The Gradle plugin "Grafie" symmetrically encrypts files containing secrets using a single password, it is the only thing every developer or CI server must know. Encrypted files are added to the repository and versioned while the original cleartext versions of those files are added to a repository's ignore list. Whenever someone clones the repository and builds the project cleartext files are decrypted from the encrypted files.
The encryption happens with the AES algorithm. A 128 bit key is used which is derived from the SHA-256 hash of a user-provided password with an arbitrary length. The encrypted binary information is stored as Base64 encoding.

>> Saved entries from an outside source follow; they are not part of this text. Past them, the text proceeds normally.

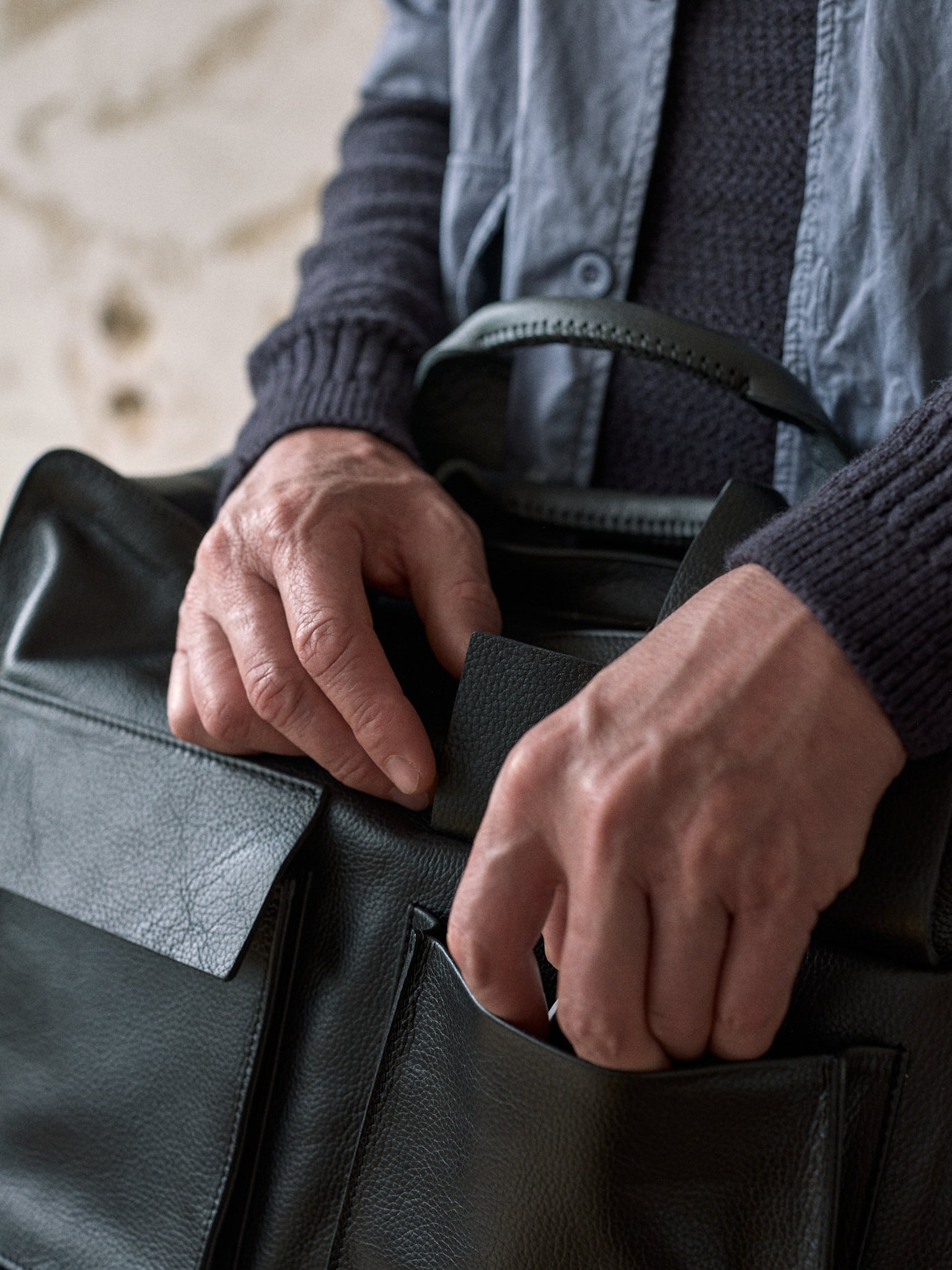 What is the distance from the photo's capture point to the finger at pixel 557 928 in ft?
1.34

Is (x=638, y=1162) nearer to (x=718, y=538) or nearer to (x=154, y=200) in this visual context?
(x=718, y=538)

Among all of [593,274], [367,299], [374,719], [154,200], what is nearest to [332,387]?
[367,299]

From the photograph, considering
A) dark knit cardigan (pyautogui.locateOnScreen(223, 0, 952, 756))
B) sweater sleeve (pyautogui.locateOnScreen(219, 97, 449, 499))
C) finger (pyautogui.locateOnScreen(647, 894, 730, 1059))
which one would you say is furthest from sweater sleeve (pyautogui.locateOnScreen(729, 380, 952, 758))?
sweater sleeve (pyautogui.locateOnScreen(219, 97, 449, 499))

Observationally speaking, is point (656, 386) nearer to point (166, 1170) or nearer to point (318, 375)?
point (318, 375)

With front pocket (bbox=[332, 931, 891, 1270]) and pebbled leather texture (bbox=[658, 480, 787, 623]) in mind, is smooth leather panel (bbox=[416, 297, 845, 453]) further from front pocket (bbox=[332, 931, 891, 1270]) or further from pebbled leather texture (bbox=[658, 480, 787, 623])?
front pocket (bbox=[332, 931, 891, 1270])

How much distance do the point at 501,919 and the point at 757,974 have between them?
96 mm

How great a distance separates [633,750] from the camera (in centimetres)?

Add Grafie to your build.gradle
file.
buildscript {
repositories {
maven {
url 'https://plugins.gradle.org/m2/'
}
}
dependencies {
classpath 'gradle.plugin.de.eightbitboy:grafie:0.1.1'
}
}
apply plugin: 'de.eightbitboy.grafie'
plugins {
id 'de.eightbitboy.grafie' version '0.1.1'
}
Provide a password in your build.gradle
file.
grafie {
password = 'yourPassword'
}
Obviously you do not want to save the password directly in build.gradle
, instead use gradle.properties
to provide it locally. Get the property in build.gradle
:
grafie {
password = findProperty('MY_PASSWORD')
}
Define the property in gradle.properties
:
MY_PASSWORD=thisIsSecret
When working with continuous integration systems the password may be provided via environment variables:
grafie {
password = System.getenv('MY_PASSWORD')
}
For every file you want to encrypt create a file with the same name and the added extension ".grafie":
$ ls
build.gradle
secret.txt
$ cat secret.txt
This is a secret text!
$ touch secret.txt.grafie
Execute the Gradle task encryptFiles:
$ gradle encryptFiles
$ cat secret.txt.grafie
oisaujfipfusifuspifaufofuoefk
The content of the encrypted file is overwritten when the source file changes!
An encrypted file exists:
$ ls
build.gradle
important.txt.grafie
$ cat important.txt.grafie
oisaujfipfusifuspifaufofuoefk
Execute the Gradle task decryptFiles:
$ gradle decryptFiles
$ ls
build.gradle
important.txt
important.txt.grafie
$ cat important.txt
This is some important information!
The plaintext file is overwritten when the content of the encrypted file changes!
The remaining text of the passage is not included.